The rapid growth of large language model (LLM) inference services has increased the demand for efficient multi-tenant GPU scheduling. While modern inference runtimes such as vLLM improve throughput through continuous batching and optimized memory management, accurately estimating the runtime cost of heterogeneous inference requests remains a significant challenge. In practice, observed output lengths often deviate from admission-time estimates, creating runtime token drift that can lead to workload misclassification, queue imbalance, increased tail latency, and degraded Quality-of-Service (QoS). This paper presents DriftSched, an adaptive QoS-aware scheduling framework for multi-tenant LLM inference serving on NVIDIA L4 GPUs. DriftSched combines workload classification, token-budget estimation, tenant-aware queue management, and runtime feedback-driven drift compensation to improve admission-time scheduling decisions. The framework evaluates FIFO, Priority, Weighted, Shortest-Job-First (SJF), and Aging Priority scheduling policies under heterogeneous multi-tenant workloads. Experimental results demonstrate measurable runtime token drift across workload categories. Adaptive bias correction reduces workload estimation error by an average of 38.8% (MAE) and 40.5% (RMSE), improving workload classification stability and scheduling accuracy. Among all evaluated schedulers, SJF achieves the best overall performance, reducing median end-to-end latency by approximately 42% and P99 latency by approximately 16% relative to FIFO under sustained GPU contention. The work contributes an adaptive drift-aware scheduling architecture, a runtime token-drift compensation mechanism, and a reproducible benchmarking framework for evaluating QoS-aware LLM inference scheduling on shared GPU infrastructure.

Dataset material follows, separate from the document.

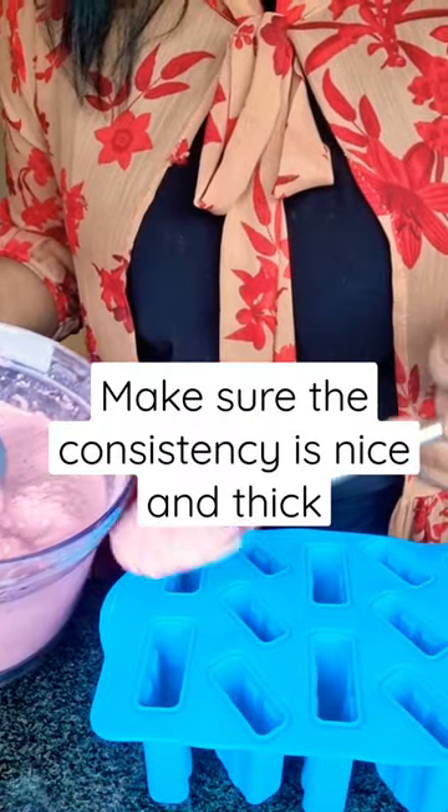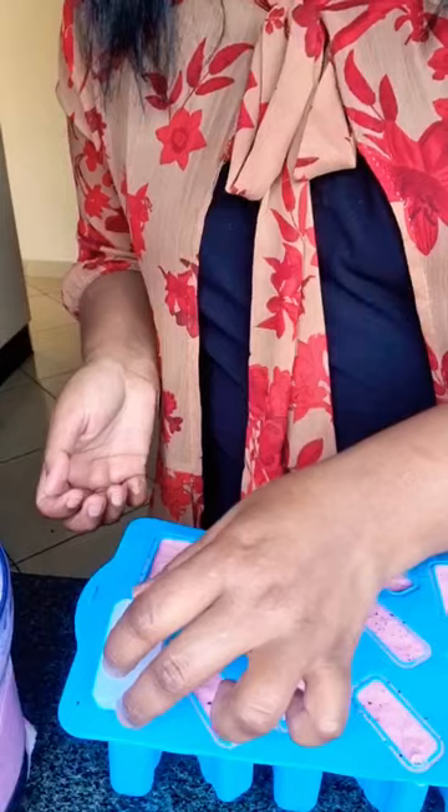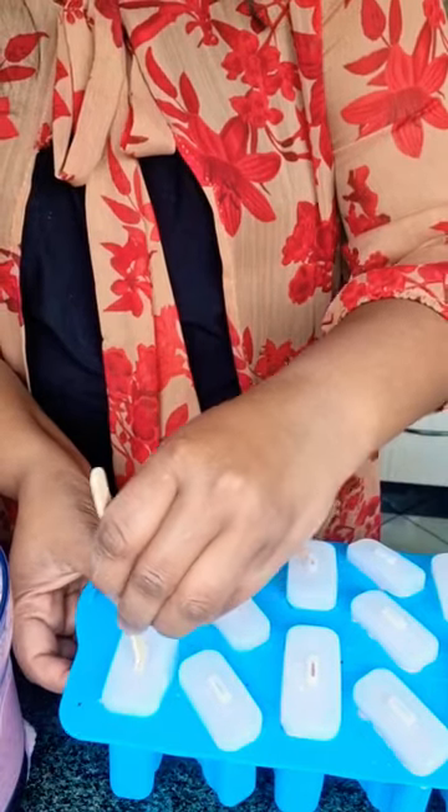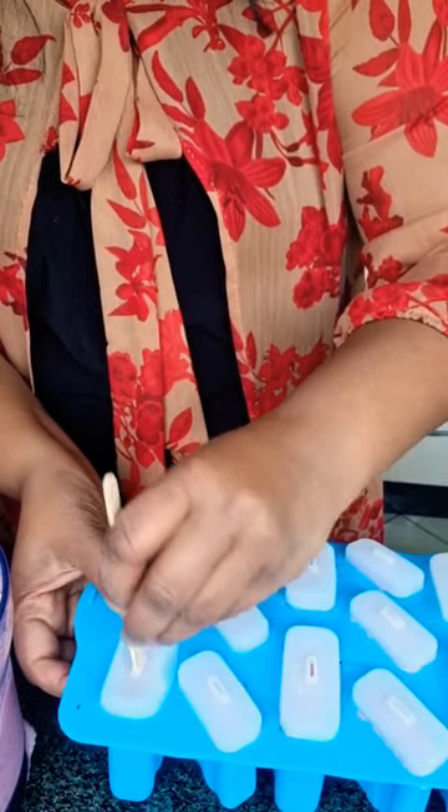Take the fro-yo and pour it into ice cream molds. Cover the tops and place your ice cream sticks in the center. Allow these to freeze for about eight hours.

翻译：大语言模型推理服务的快速增长提高了对高效多租户GPU调度的需求。虽然vLLM等现代推理运行时通过连续批处理和优化内存管理提高了吞吐量，但准确估计异构推理请求的运行时成本仍然是一个重大挑战。在实践中，观测到的输出长度通常偏离准入时的估计值，产生运行时令牌漂移，进而导致工作负载误分类、队列不平衡、尾延迟增加以及服务质量下降。本文提出DriftSched，一种在NVIDIA L4 GPU上用于多租户LLM推理服务的自适应QoS感知调度框架。DriftSched结合了工作负载分类、令牌预算估计、租户感知队列管理以及运行时反馈驱动的漂移补偿，以改进准入时的调度决策。该框架在异构多租户工作负载下评估了FIFO、优先级、加权、最短作业优先和老化优先级调度策略。实验结果表明，各工作负载类别均存在可测量的运行时令牌漂移。自适应偏差校正使工作负载估计误差平均降低38.8%（平均绝对误差）和40.5%（均方根误差），从而提高了工作负载分类稳定性和调度准确性。在所有评估的调度器中，SJF在持续GPU竞争条件下取得了最佳整体性能，相比FIFO，中位端到端延迟降低约42%，P99延迟降低约16%。本工作贡献了一种自适应漂移感知调度架构、一种运行时令牌漂移补偿机制以及一个用于在共享GPU基础设施上评估QoS感知LLM推理调度的可复现基准测试框架。